Ensemble models calculated on multiple models have often been shown to outcompete any single model in comparative assessments (Valavi et al. 2022).

This function creates an ensemble of multiple provided distribution models fitted with the ibis.iSDM-package. Each model has to have estimated predictions with a given method and optional uncertainty in form of the standard deviation or similar. Through the layer parameter it can be specified which part of the prediction should be averaged in an ensemble. This can be for instance the mean prediction and/or the standard deviation sd. See Details below for an overview of the different methods.
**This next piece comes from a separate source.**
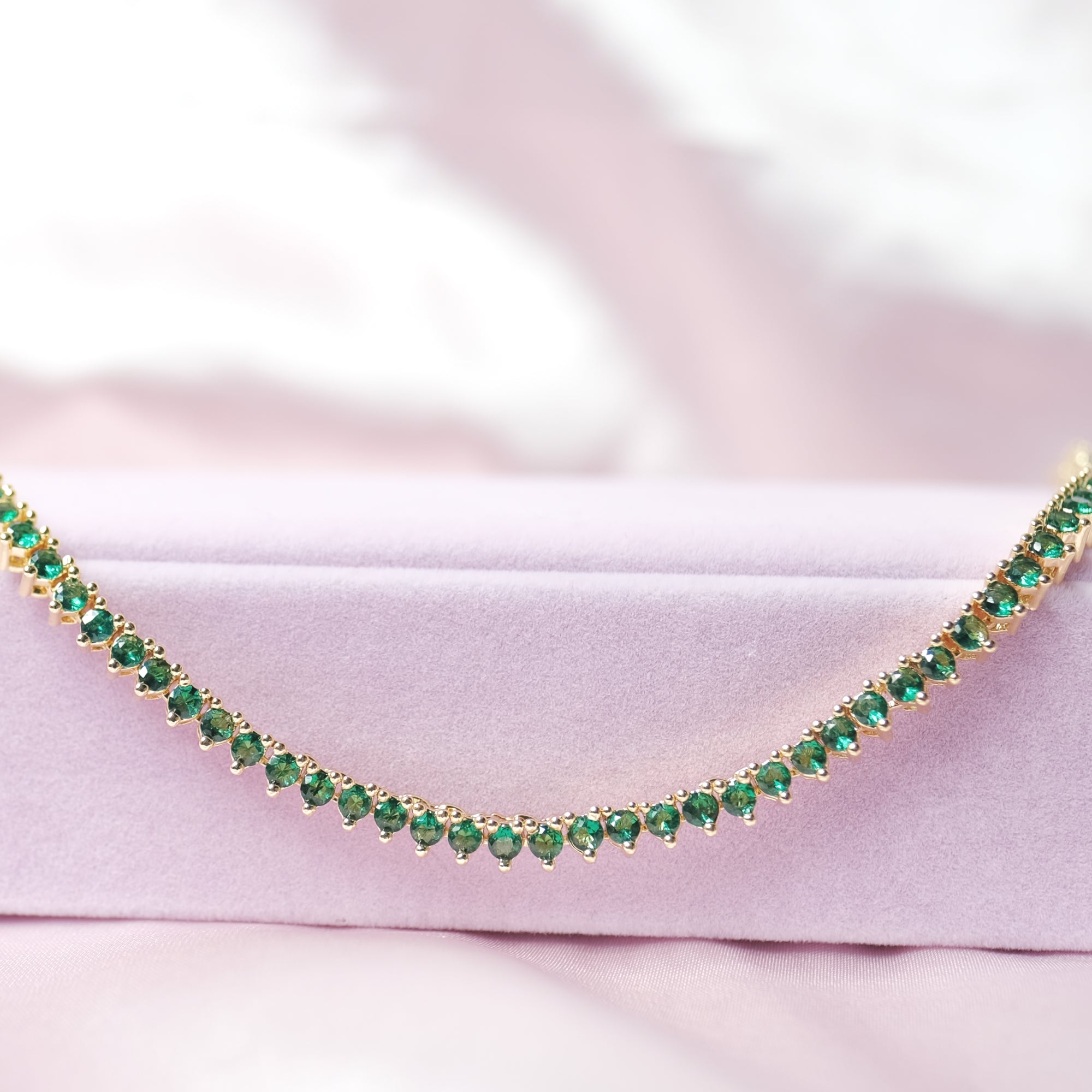 MOKMOK JEWELRY Luxury Sparkling Diamond Emerald Tennis Necklace - 5A grade zircon - 2.5mm 3 Prong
Also returns a coefficient of variation (cv) as output of the ensemble, but note this should not be interpreted as measure of model uncertainty as it cannot capture parameter uncertainty of individual models; rather it reflects variation among predictions which can be due to many factors including simply differences in model complexity.

Usage

ensemble(
  ...,
  method = "mean",
  weights = NULL,
  min.value = NULL,
  layer = "mean",
  normalize = FALSE,
  uncertainty = "cv",
  point = NULL,
  field_occurrence = "observed",
  apply_threshold = TRUE
)

# S4 method for class 'ANY'
ensemble(
  ...,
  method = "mean",
  weights = NULL,
  min.value = NULL,
  layer = "mean",
  normalize = FALSE,
  uncertainty = "cv",
  point = NULL,
  field_occurrence = "observed",
  apply_threshold = TRUE
)

Arguments

...: Provided DistributionModel or SpatRaster objects.
method: Approach on how the ensemble is to be created. See details for available options (Default: 'mean').
weights: (Optional) weights provided to the ensemble function if weighted means are to be constructed (Default: NULL).
min.value: A optional numeric stating a minimum value that needs to be surpassed in each layer before calculating and ensemble (Default: NULL).
layer: A character of the layer to be taken from each prediction (Default: 'mean'). If set to NULL ignore any of the layer names in ensembles of SpatRaster objects.
normalize: logical on whether the inputs of the ensemble should be normalized to a scale of 0-1 (Default: FALSE).
uncertainty: A character indicating how the uncertainty among models should be calculated. Available options include "none", the standard deviation ("sd"), the average of all PCA axes except the first "pca", the coefficient of variation ("cv", Default) or the range between the lowest and highest value ("range").
point: A sf object containing observational data used for model training. Used for method 'superlearner' only (Default: NULL).
field_occurrence: A character location of biodiversity point records (Default: 'observed').
apply_threshold: A logical flag (Default: TRUE) specifying whether threshold values should also be created via "method". Only applies and works for DistributionModel and thresholds found.

Value

A SpatRaster object containing the ensemble of the provided predictions specified by method and a coefficient of variation across all models.

Details

Possible options for creating an ensemble includes:

'mean' - Calculates the mean of several predictions.
'median' - Calculates the median of several predictions.
'max' - The maximum value across predictions.
'min' - The minimum value across predictions.
'mode' - The mode/modal values as the most commonly occurring value.
'weighted.mean' - Calculates a weighted mean. Weights have to be supplied separately (e.g. TSS).
'min.sd' - Ensemble created by minimizing the uncertainty among predictions.
'threshold.frequency' - Returns an ensemble based on threshold frequency (simple count). Requires thresholds to be computed.
'pca' - Calculates a PCA between predictions of each algorithm and then extract the first axis (the one explaining the most variation).
'superlearner' - Composites two predictions through a 'meta-model' fitted on top (using a glm by default). Requires binomial data in current Setup.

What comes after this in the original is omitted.